Could you repeat every entry below word for word, leaving out the pictures?

### [Data to use]
..............................

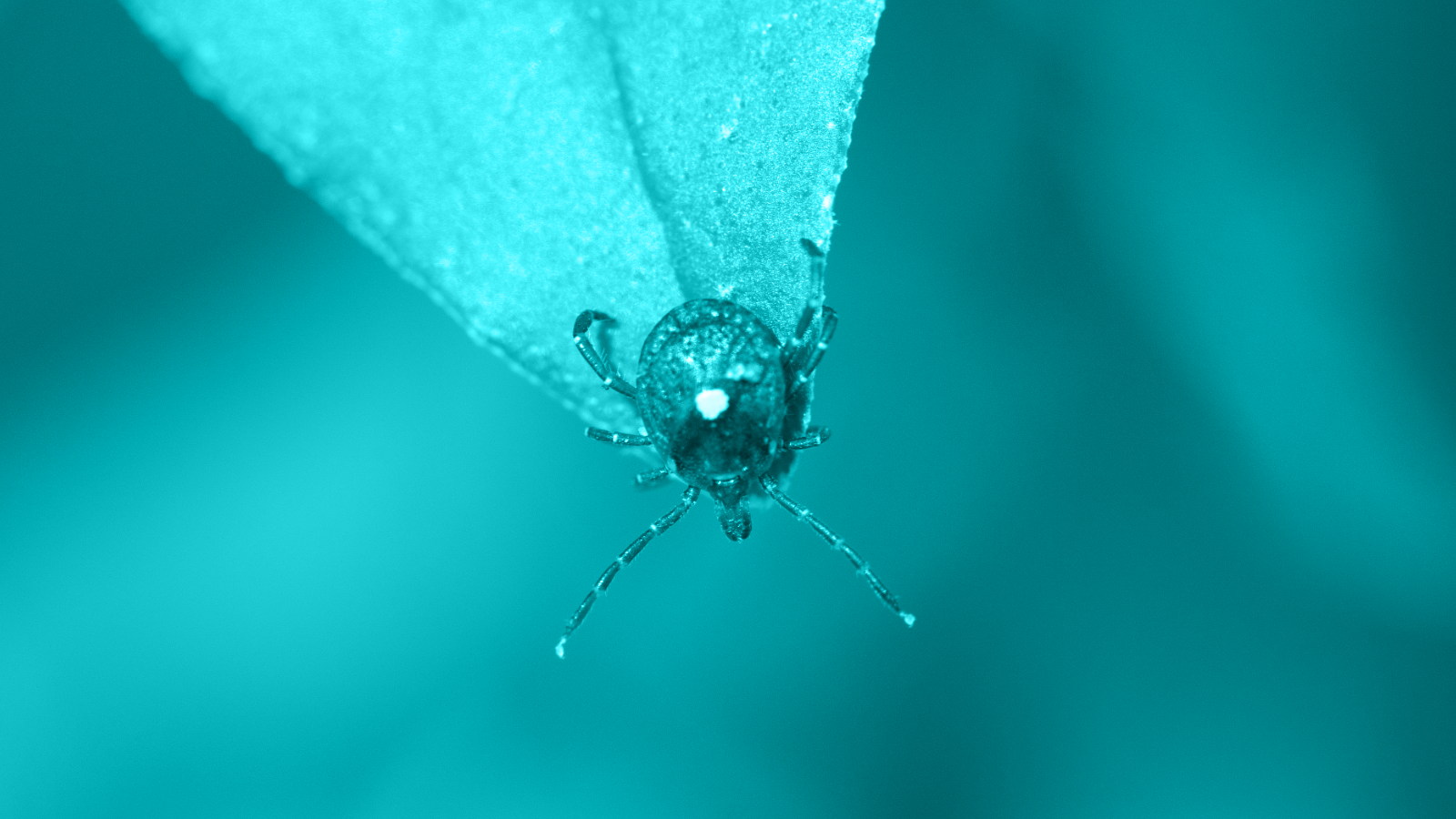 Tick Tidbits:  Novel Insights & Protection Updates on These Tiny Troublemakers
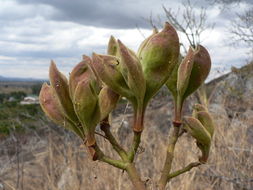 صورة Sterculia quinqueloba (Garcke) K. Schum.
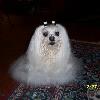 Charming goldens-  Precious -  Our maltese - 18 yrs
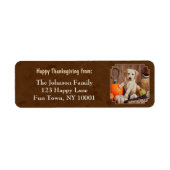 Labrador Retriever Dog & Pumpkins Brown Etiket (Voorkant)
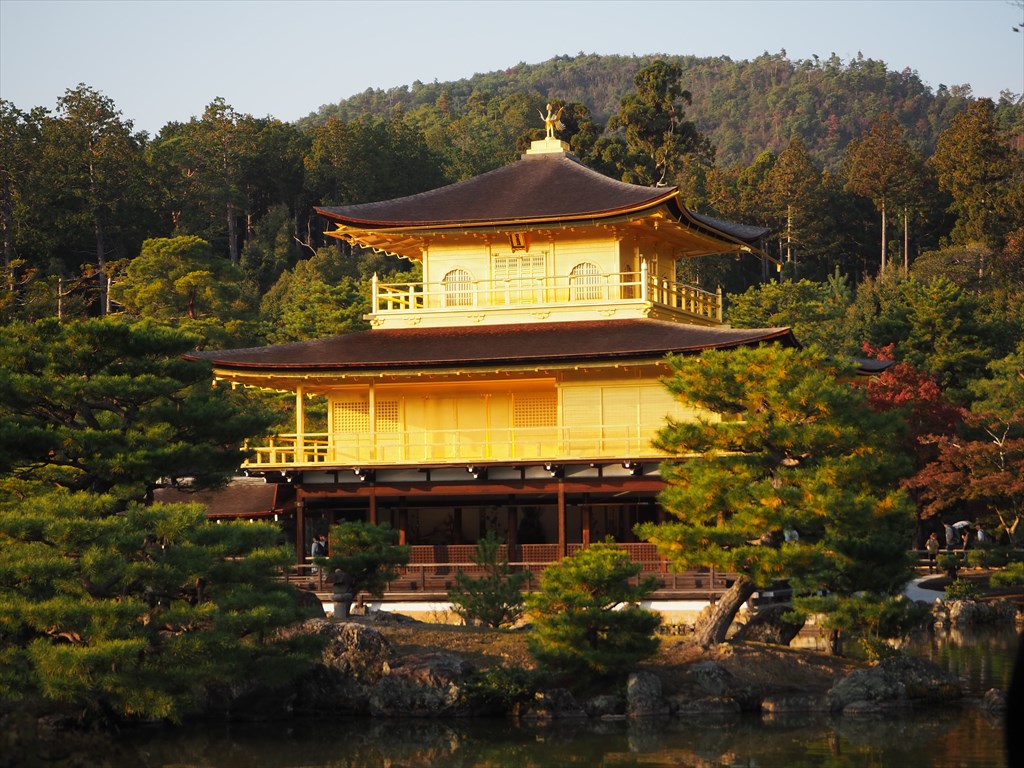 西日に輝く金閣と方丈の特別公開 | 京都旅屋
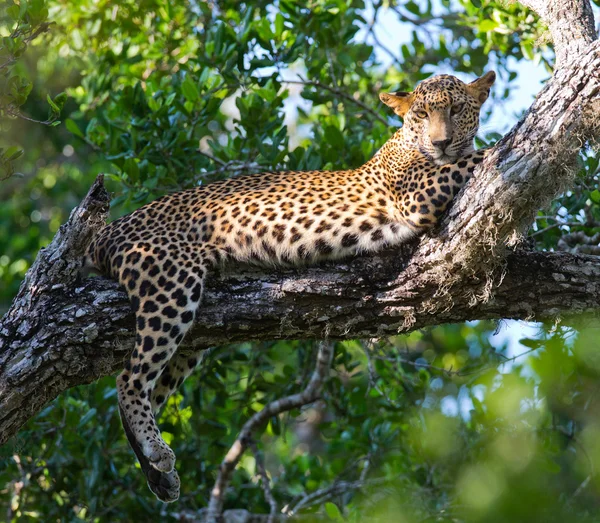 Panthera pardus kotiya — Zdjęcie stockowe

..............................

### [Answer to this problem]
 Tick Tidbits:  Novel Insights & Protection Updates on These Tiny Troublemakers
 صورة Sterculia quinqueloba (Garcke) K. Schum.
 Charming goldens-  Precious -  Our maltese - 18 yrs
 Labrador Retriever Dog & Pumpkins Brown Etiket (Voorkant)
 西日に輝く金閣と方丈の特別公開 | 京都旅屋
 Panthera pardus kotiya — Zdjęcie stockowe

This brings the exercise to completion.